Friday, February 28, 2014

Book Write-Up: Loving God with Your Mind

Paul M. Gould and Richard Brian Davis, ed.  Loving God with Your Mind: Essays in Honor of J.P. Moreland.  Chicago: Moody Publishers, 2014.

I would like to thank Moody Publishers for my review copy of this book.  See here for Moody’s page about it.

J.P. Moreland is a Christian scholar, apologist, and philosopher.  Loving God with Your Mind is a collection of essays by scholars reflecting on his life, work, and thoughts.

Some of the essays are more difficult than others.  The three chapters about Platonism were especially challenging to me, on account of their detail, their technicality, and their usage of terms that were unfamiliar to me.  I think that I still understood the main point that they were trying to make: that there is a world beyond our natural world, as Plato said, a transcendent world of concepts that the natural world reflects.  This is more consistent with theism than with naturalism (although, as one essay in the book acknowledges, there are significant differences between Christian theism and Platonism).  A glossary in the back of the book may have been helpful to those of us who are not as advanced in the field of philosophy.

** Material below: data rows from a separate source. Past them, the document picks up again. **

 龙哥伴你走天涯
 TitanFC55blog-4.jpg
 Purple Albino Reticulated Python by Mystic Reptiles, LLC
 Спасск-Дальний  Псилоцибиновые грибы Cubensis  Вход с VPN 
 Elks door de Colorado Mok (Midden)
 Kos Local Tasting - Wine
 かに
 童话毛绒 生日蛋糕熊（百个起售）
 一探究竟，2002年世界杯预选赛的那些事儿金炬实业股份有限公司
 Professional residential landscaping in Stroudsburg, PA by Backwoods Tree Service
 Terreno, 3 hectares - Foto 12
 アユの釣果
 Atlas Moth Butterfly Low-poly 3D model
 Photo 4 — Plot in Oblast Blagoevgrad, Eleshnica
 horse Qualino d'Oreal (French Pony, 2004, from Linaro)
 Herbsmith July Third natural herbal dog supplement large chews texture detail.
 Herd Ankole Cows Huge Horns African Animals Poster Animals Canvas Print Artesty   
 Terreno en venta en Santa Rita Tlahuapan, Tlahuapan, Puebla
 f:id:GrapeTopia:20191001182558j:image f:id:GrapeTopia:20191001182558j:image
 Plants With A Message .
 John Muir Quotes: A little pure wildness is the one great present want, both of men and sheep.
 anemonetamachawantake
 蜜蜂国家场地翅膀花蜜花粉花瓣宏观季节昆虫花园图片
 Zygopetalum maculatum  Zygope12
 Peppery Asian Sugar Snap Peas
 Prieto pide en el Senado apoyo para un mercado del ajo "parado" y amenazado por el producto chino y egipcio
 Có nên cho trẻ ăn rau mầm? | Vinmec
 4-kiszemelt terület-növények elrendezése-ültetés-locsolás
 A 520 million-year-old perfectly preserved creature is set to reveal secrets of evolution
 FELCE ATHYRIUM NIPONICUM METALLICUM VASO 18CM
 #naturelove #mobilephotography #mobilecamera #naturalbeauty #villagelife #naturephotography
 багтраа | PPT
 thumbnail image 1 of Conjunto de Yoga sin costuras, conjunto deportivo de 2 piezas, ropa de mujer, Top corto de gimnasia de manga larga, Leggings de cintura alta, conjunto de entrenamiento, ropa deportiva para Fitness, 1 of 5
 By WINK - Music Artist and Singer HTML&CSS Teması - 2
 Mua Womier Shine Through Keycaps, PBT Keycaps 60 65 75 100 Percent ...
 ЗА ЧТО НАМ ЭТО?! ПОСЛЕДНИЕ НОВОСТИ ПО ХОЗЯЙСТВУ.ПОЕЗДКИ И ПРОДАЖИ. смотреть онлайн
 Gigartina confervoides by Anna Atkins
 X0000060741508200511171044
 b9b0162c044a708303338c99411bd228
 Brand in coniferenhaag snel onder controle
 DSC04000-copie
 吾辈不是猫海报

Other essays in the book covered whether human beings have a soul, the challenge of postmodernism to Christianity, how to be a virtuous learner in the information age, a defense of a classical apologetics based on reason, the abortion issue, and the meaning of true happiness.  J.P. Moreland wrote the final essay in the book.  There were arguments in the book that I found to be good, and there were times when I did not think that the authors were effectively refuting the other side (i.e., the naturalists, the postmodernists).  They did, however, refer the reader to other resources, in case the reader wanted to learn more: there is a list of Moreland’s publications in the back of the book, and Moreland referred to neuroscientists who believe that humans have a soul.  Overall, while the book does interact with contrary points-of-view, its intended audience seems to be conservative Christians, as it exhorts them on the importance of classical apologetics and the need to hold fast to certain Christian ideas (i.e., the existence of a soul, the historicity of Adam and Eve, appealing to nature to argue for God’s existence, etc.).

It interested me that the book did not focus much on arguments for the resurrection of Jesus Christ.  There was an acknowledgment in one essay that such arguments are important, since arguments for the existence of God (except, possibly, for the ontological argument) did not necessarily demonstrate that the God is the Christian God.  But there was little attempt in the book to demonstrate that the Christian revelation, specifically, is true.  J.P. Moreland in other works, however, has discussed arguments for Christ’s resurrection.

My favorite parts of the book were its more personal aspects: the anecdotes about what Moreland’s life and work meant to some of the authors, and J.P. Moreland’s struggle with anxiety and depression and his willingness to be vulnerable about this in his apologetics.  I also appreciated the book’s discussion about true happiness: how it is not us having pleasure at getting what we want, but rather is the serenity that comes from a life that is in accord with virtue.  Moreland’s discussion about spiritual disciplines was also worthwhile to read.